Ricky Stuart concedes the NRL's bunker was right to award the first eight-point try of the year against Canberra in their 18-14 loss to Manly.
In the game's decisive moment, Canberra centre Joseph Leilua was penalised and put on report for dropping his knees into Manly winger Reuben Garrick after scoring.
It prompted the Sea Eagles to go from 10-4 down to 12-10 up in the space of one play, as Garrick combined with Jack Gosiewski to finish off a length-of-the-field intercept try early in the second half.
Stuart pulled Leilua aside after the match and while he wouldn't reveal their conversation, he agreed it was the right call for him to be penalised.

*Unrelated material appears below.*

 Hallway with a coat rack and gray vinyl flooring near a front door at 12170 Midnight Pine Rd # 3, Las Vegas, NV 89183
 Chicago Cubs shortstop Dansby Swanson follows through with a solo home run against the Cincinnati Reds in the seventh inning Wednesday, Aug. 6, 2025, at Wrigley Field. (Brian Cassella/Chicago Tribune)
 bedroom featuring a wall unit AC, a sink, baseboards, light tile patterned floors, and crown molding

"I think it's justified. I have spoken to BJ. I do think it was justified," Stuart said.
"(It was a) massive momentum shift towards Manly. Trying to swing that momentum back is difficult.

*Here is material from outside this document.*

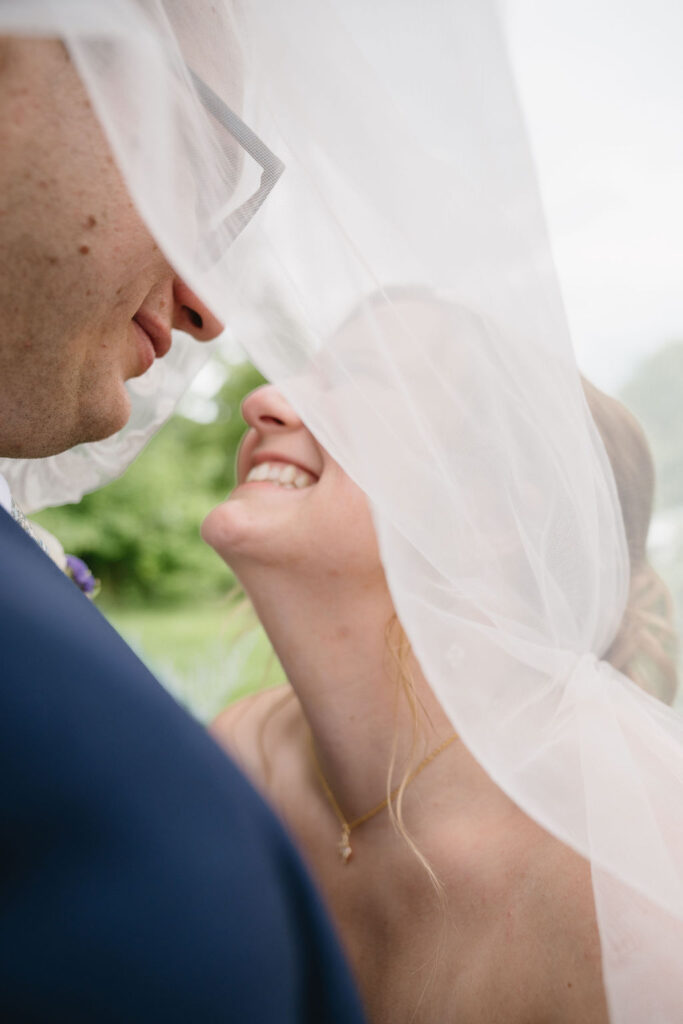 bride and groom under veil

"We did but not enough. There were passages of play we were trying to take the easy option more than get in the gutter with them and fight."

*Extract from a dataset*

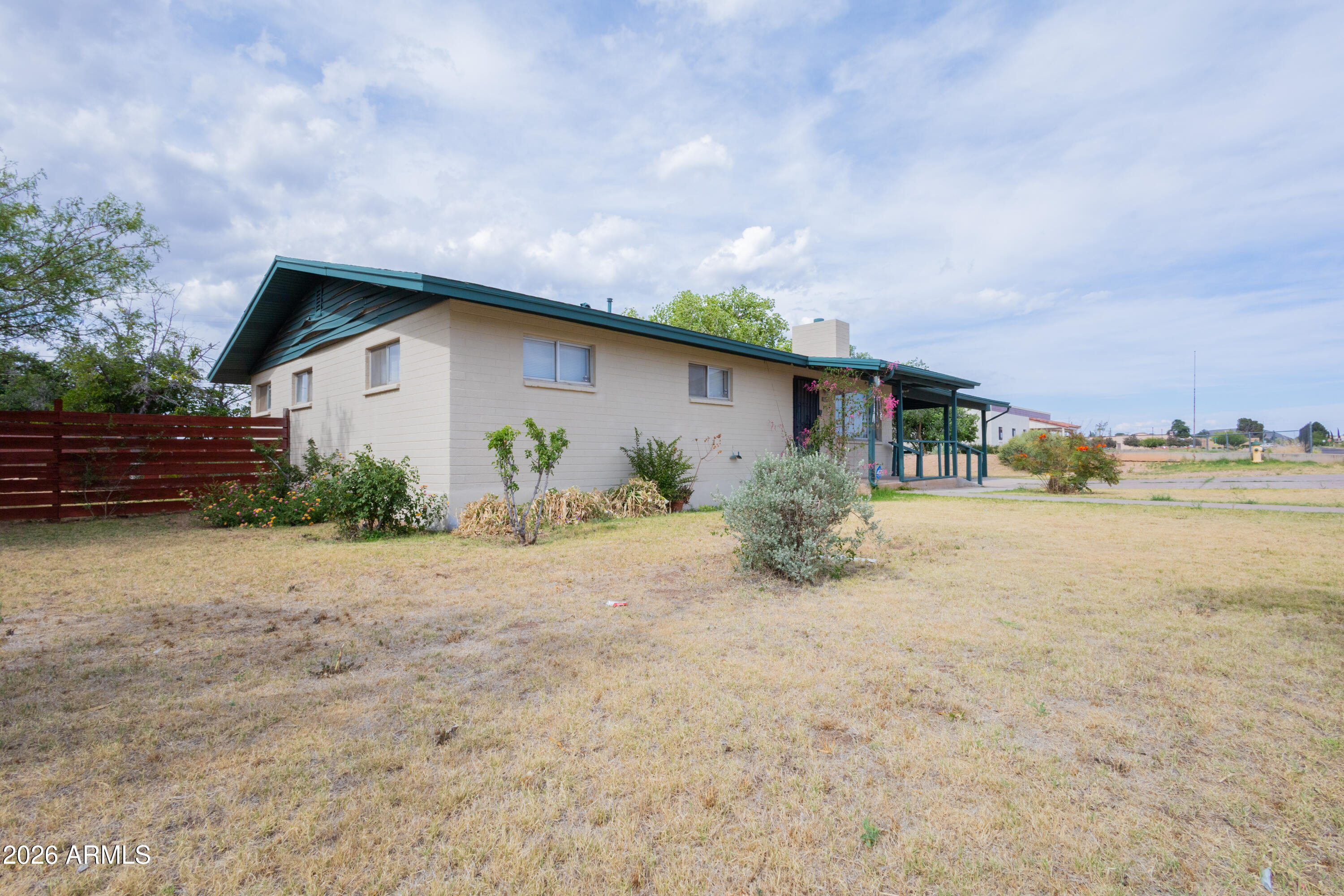 1626 11th Street Douglas, AZ 85607 - Photo 2 of 30 a view of a house with backyard and plants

The incident was the first eight-point try in the NRL since Brisbane were awarded one against North Queensland last August.
If Leilua is charged, Canberra will likely have Bailey Simmonsen return to the side after he deputised for him during a neck injury for the majority of the season.
Stuart however contended that five-eighth Jack Wighton should have been awarded an early try, after the bunker refused to overturn an on-field call that he dropped it over the line.
Former NRL referees' boss Bill Harrigan argued on Triple M it should have been awarded, as he reasoned it had been grounded correctly.
"I've seen it a couple of times, I would like to think I am pretty balanced in my opinion with those things," Stuart said.
"Like with BJ, yeah that was a penalty try.
"But it looked like he still grounded it. But if you look at the scoreboard, it's no try. I won't be crying over that."